- _WORK REQUEST_: Reproduction without pictures: print every entry precisely as written.

Captioned web image data

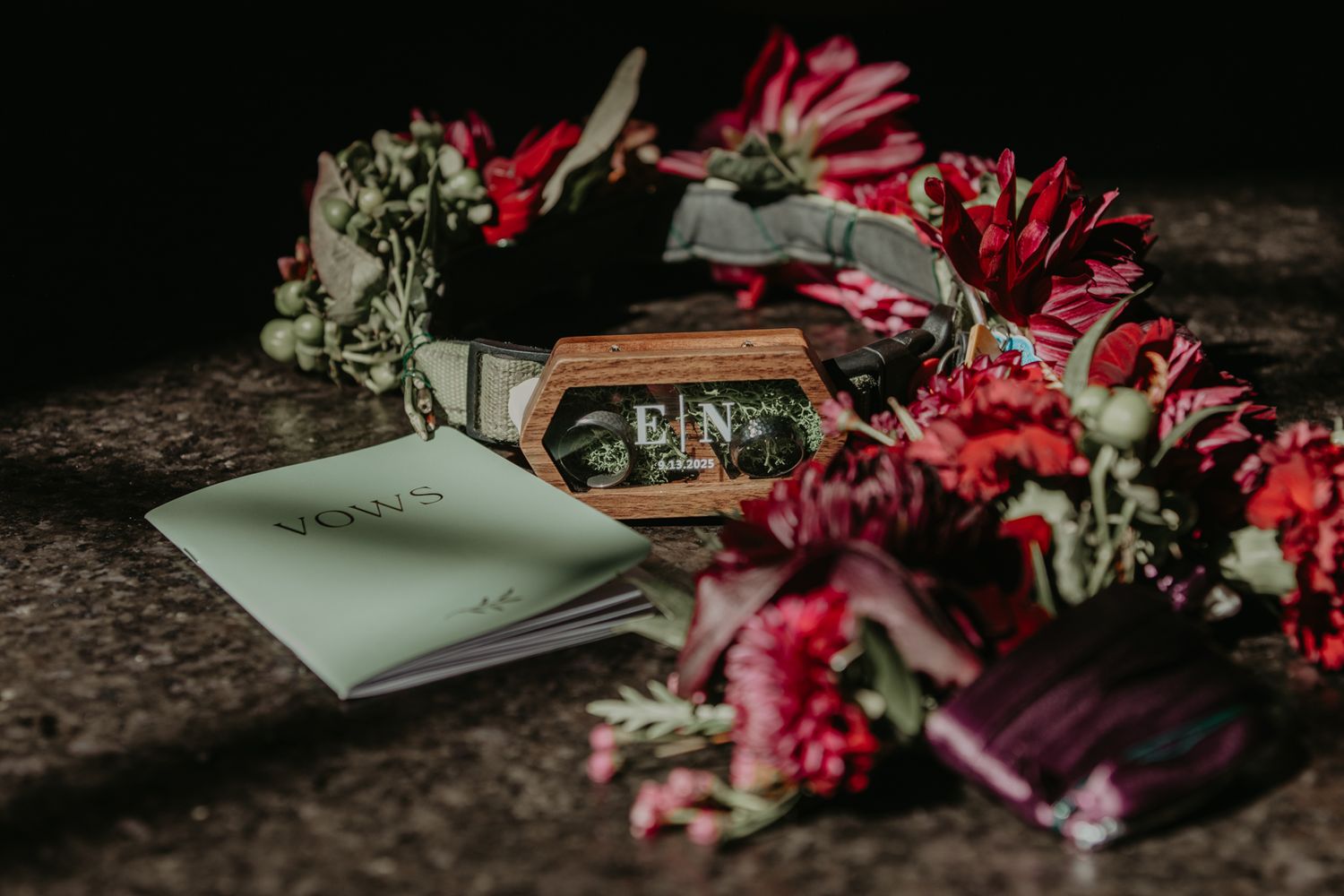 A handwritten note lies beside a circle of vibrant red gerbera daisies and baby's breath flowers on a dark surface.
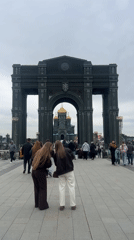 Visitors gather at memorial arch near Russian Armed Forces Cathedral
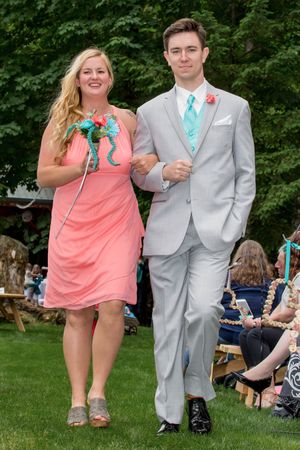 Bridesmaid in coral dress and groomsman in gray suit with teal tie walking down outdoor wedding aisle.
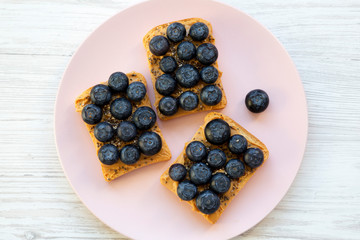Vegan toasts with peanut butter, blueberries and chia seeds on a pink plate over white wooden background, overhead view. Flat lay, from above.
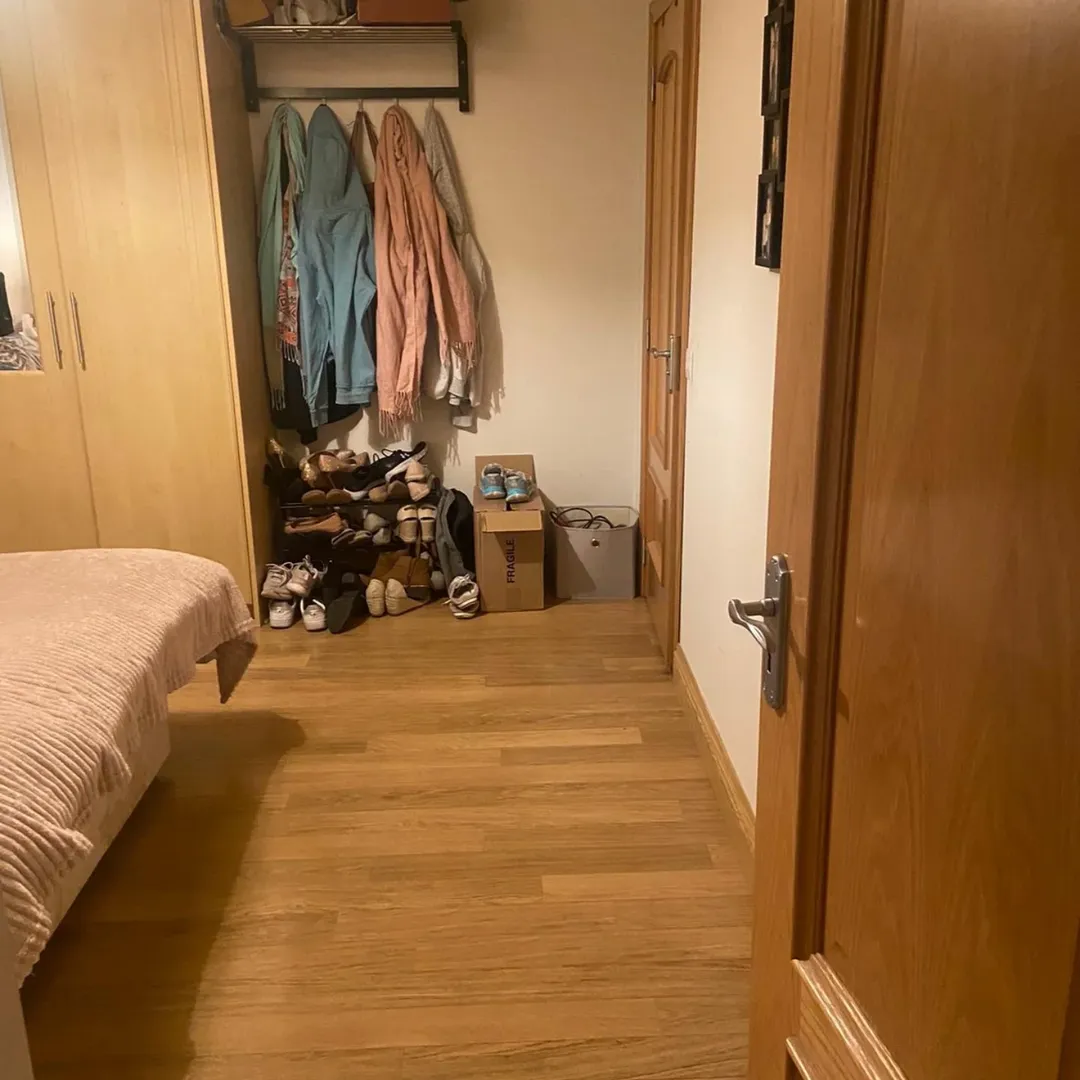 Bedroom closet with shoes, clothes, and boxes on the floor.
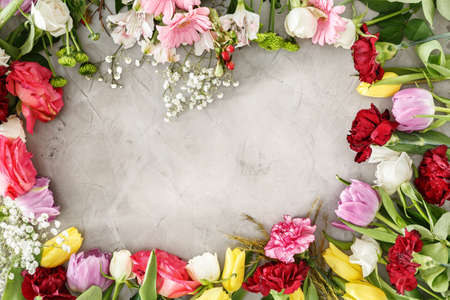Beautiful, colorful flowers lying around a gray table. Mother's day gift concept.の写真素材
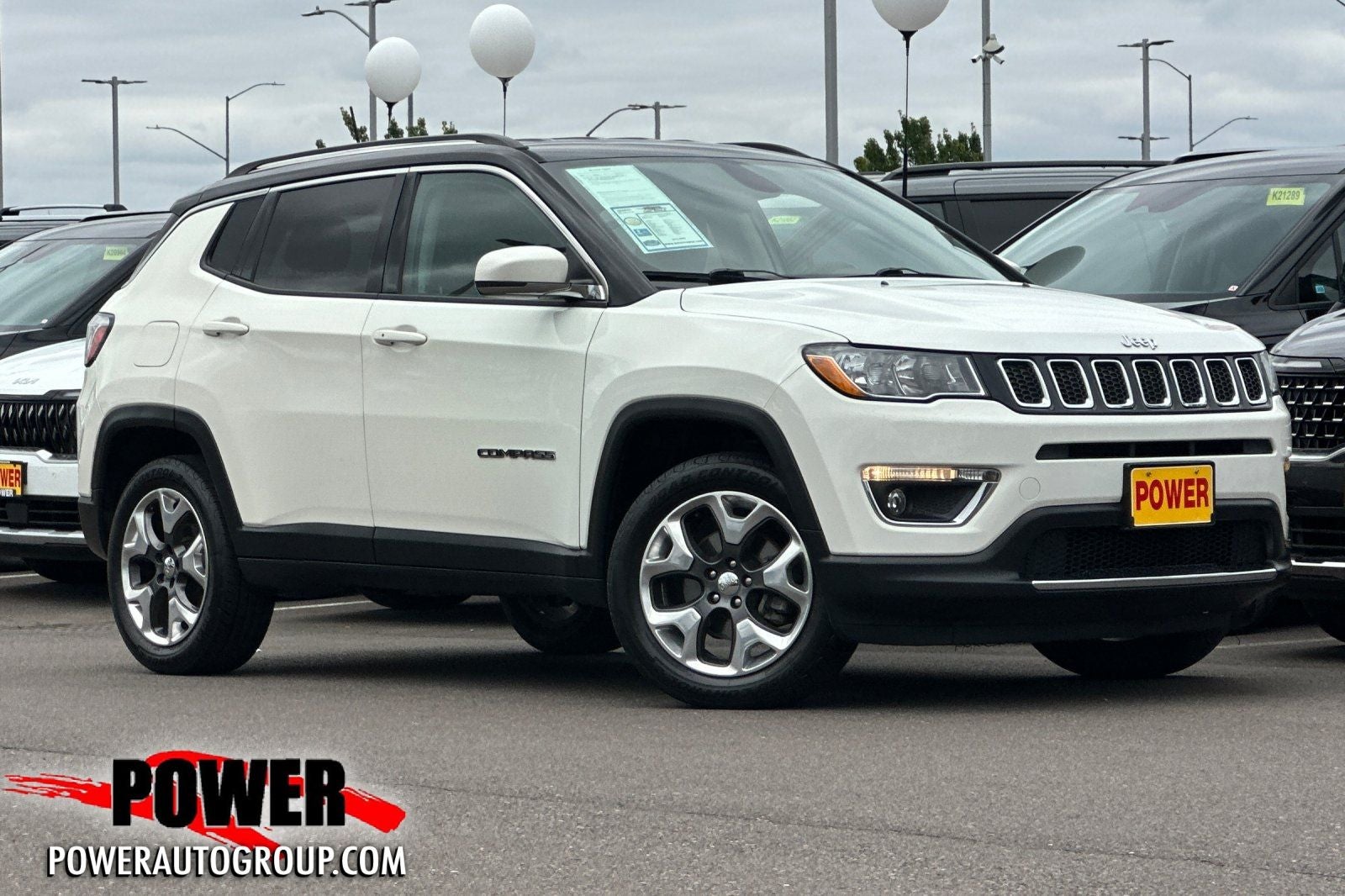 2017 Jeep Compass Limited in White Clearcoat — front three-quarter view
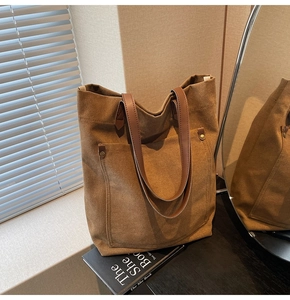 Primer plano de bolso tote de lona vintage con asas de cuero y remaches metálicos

- _OUTPUT FOR THIS EXERCISE_:
 A handwritten note lies beside a circle of vibrant red gerbera daisies and baby's breath flowers on a dark surface.
 Visitors gather at memorial arch near Russian Armed Forces Cathedral
 Bridesmaid in coral dress and groomsman in gray suit with teal tie walking down outdoor wedding aisle.
Vegan toasts with peanut butter, blueberries and chia seeds on a pink plate over white wooden background, overhead view. Flat lay, from above.
 Bedroom closet with shoes, clothes, and boxes on the floor.
Beautiful, colorful flowers lying around a gray table. Mother's day gift concept.の写真素材
 2017 Jeep Compass Limited in White Clearcoat — front three-quarter view
 Primer plano de bolso tote de lona vintage con asas de cuero y remaches metálicos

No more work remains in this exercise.